At the center of this circle of corporate elite are the managers and directors of the largest banks, insurance, and other financial companies which are mostly based in New York, Chicago, and California.
Governmental bodies, corporations, and countries need large amounts of financial capital (money for investment) to operate. The largest financial institutions have a pre-eminent place in the corporate and power elite network both nationally and internationally because of their accumulation of capital, their control over large blocks of stock through their trust departments, their extensive information, research, and evaluation capacities, their central place in the extensive corporate board interlocking network, their ability to work together to create loan consortia (group loans) and direct capital flow, their ability to facilitate takeovers and shareholder rebellions, and their ability to influence prices and interest rates, among other factors. Researchers Mintz and Schwartz conclude that, “a handful of centrally placed financial institutions have dominated capital-investment decision making for decades.

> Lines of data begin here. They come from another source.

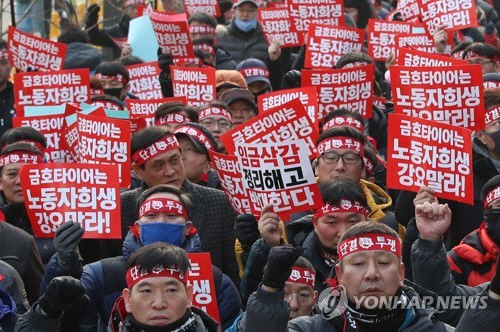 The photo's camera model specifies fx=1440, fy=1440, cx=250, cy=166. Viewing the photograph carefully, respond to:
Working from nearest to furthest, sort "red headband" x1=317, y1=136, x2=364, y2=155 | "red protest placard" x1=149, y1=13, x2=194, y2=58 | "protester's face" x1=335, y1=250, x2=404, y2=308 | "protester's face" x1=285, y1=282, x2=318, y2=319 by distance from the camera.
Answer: "protester's face" x1=335, y1=250, x2=404, y2=308 < "protester's face" x1=285, y1=282, x2=318, y2=319 < "red headband" x1=317, y1=136, x2=364, y2=155 < "red protest placard" x1=149, y1=13, x2=194, y2=58

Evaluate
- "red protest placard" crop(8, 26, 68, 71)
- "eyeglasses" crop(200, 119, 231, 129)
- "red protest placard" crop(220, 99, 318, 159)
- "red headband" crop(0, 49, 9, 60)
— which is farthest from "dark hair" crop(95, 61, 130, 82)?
"red protest placard" crop(220, 99, 318, 159)

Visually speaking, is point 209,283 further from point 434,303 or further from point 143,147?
point 143,147

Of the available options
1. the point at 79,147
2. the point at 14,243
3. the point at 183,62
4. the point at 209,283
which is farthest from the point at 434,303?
the point at 183,62

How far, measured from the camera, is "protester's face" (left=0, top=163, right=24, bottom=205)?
914 cm

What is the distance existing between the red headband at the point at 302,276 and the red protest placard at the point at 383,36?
6.78 meters

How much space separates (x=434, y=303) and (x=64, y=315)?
1754mm

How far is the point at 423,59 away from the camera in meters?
11.1

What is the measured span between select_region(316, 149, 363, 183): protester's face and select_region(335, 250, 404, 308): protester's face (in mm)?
2299

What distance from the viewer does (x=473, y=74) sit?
9430 mm

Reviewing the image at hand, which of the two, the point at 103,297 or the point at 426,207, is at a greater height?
the point at 426,207

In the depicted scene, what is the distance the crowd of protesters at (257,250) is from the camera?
6.25m

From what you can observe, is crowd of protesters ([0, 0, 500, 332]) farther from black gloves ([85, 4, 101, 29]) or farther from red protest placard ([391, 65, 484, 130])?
black gloves ([85, 4, 101, 29])

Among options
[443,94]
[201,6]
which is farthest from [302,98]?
[201,6]

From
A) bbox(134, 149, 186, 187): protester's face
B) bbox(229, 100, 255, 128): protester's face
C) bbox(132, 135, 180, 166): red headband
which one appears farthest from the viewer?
bbox(229, 100, 255, 128): protester's face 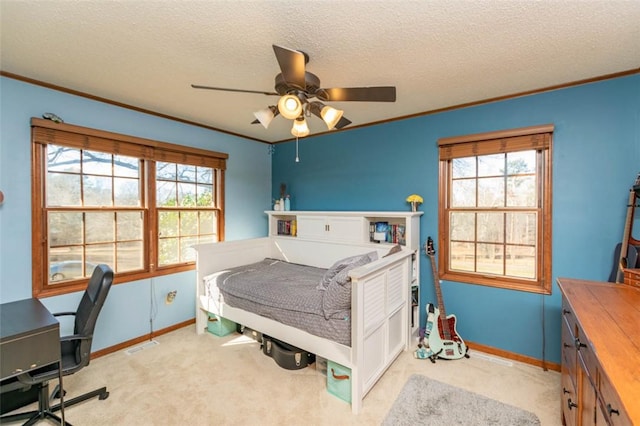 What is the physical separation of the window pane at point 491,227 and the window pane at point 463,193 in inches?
7.0

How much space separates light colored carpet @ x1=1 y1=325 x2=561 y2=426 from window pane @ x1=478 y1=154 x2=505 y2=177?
1.81 m

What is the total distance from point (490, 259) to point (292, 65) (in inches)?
105

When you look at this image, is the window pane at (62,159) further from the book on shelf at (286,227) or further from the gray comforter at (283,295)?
the book on shelf at (286,227)

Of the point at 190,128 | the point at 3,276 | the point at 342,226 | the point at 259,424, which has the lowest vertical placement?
the point at 259,424

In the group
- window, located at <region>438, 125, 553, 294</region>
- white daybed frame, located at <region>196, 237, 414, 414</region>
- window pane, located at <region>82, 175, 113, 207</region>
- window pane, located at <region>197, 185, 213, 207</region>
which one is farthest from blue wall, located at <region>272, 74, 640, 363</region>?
window pane, located at <region>82, 175, 113, 207</region>

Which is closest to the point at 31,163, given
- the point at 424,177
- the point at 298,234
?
the point at 298,234

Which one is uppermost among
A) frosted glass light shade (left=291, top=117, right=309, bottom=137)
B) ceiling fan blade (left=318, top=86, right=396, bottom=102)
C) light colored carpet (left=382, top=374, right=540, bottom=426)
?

They directly control a significant proportion of all stock that changes hands; they lead a majority of lending consortia; and they are involved in almost half of all large financial holdings in major nonfinancial firms.”

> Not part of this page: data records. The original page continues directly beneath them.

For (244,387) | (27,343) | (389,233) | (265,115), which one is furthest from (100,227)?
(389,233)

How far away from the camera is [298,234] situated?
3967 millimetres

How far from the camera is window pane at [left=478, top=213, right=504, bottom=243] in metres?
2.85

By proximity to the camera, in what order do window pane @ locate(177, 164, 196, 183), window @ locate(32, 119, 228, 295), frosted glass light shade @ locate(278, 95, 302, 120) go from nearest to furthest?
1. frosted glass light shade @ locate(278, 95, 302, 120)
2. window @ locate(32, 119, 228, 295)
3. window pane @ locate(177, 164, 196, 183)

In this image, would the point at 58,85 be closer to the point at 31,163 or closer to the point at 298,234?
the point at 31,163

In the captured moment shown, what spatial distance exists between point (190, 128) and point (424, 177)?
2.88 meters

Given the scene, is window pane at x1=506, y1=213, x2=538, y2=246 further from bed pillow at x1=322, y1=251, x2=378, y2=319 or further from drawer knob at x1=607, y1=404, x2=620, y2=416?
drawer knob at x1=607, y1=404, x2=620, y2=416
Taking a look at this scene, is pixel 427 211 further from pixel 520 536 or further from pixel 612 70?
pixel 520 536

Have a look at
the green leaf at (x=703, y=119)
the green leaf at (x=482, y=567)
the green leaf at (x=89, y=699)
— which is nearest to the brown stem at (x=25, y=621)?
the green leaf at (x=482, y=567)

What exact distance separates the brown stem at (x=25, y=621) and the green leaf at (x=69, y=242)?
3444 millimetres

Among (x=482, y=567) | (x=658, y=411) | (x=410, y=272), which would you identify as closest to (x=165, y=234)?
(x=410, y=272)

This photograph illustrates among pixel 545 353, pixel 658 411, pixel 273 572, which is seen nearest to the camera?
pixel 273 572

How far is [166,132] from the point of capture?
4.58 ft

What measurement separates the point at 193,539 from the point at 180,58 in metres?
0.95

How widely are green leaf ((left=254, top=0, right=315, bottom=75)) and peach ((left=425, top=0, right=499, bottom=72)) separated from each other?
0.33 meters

The financial elite are able to influence short- and long-term capital allocations in the U.S. which, in turn, have tremendous economic and public policy effects on our entire society. Since the 1970s, their ability to yield equally powerful influence internationally through the World Bank, IMF, and WTO give them truly unprecedented power to shape economies and social policy throughout the world. In the last 20 years the largest financial corporations have become even more influential members of the power elite because of the increasing volume of national and international speculation which has grown to overshadow any form of productive investment. Not only the traditional banks and insurance companies, but now also pension funds, money market and hedge funds, real estate speculators, and private investors are part of the financial forces which demand high, short-term (and short-sighted) returns from nonfinancial corporate directors and from government policy alike. These transnational financial corporations have become so concentrated that three banks (Citigroup, J.P. Morgan, and Bank of America) control about one third of all U.S. banking assets; two insurance companies (Prudential and Metropolitan) control one-quarter of all insurance assets; and a handful of large investment firms dominate investment funds. Finance is well-represented among the largest political contributors, within interlocking corporate circles, on the boards of think tanks, foundations, policy-formation groups, and in philanthropy. Even many of the directors and deputy directors of the CIA have come directly from Wall Street firms.

Outside of corporate circles, there are many sub-groupings within the broader power elite based on political, economic, and other differences. There are groups that are Christian Fundamentalist and groups that believe in the separation of church and state, groups that have a world domination agenda and groups that are more internationalist in approach, groups that favor high tariffs and comparative isolation, and those that advocate for limited trade barriers and an interventionist approach to international affairs. The power elite (even within corporate circles) is not a simple or harmonious network. There is often sharp conflict stemming from different analyses and agendas between groupings. These conflicts are often negotiated out, or maneuvered around, to reach specific policy decisions. Sometimes they are not worked out, and divisions within the power elite can be leveraged by grassroots movements to effect social change. On the other hand, there is great mutuality of economic interests and values, and substantial linking of most of the groups within the power elite. Often the power elite can reach broad agreement about general policy issues. The lengthy and sometimes hotly contested process of influencing other members of the power elite and reaching agreement involves the policy-formation groups, foundations, think tanks, and other structures.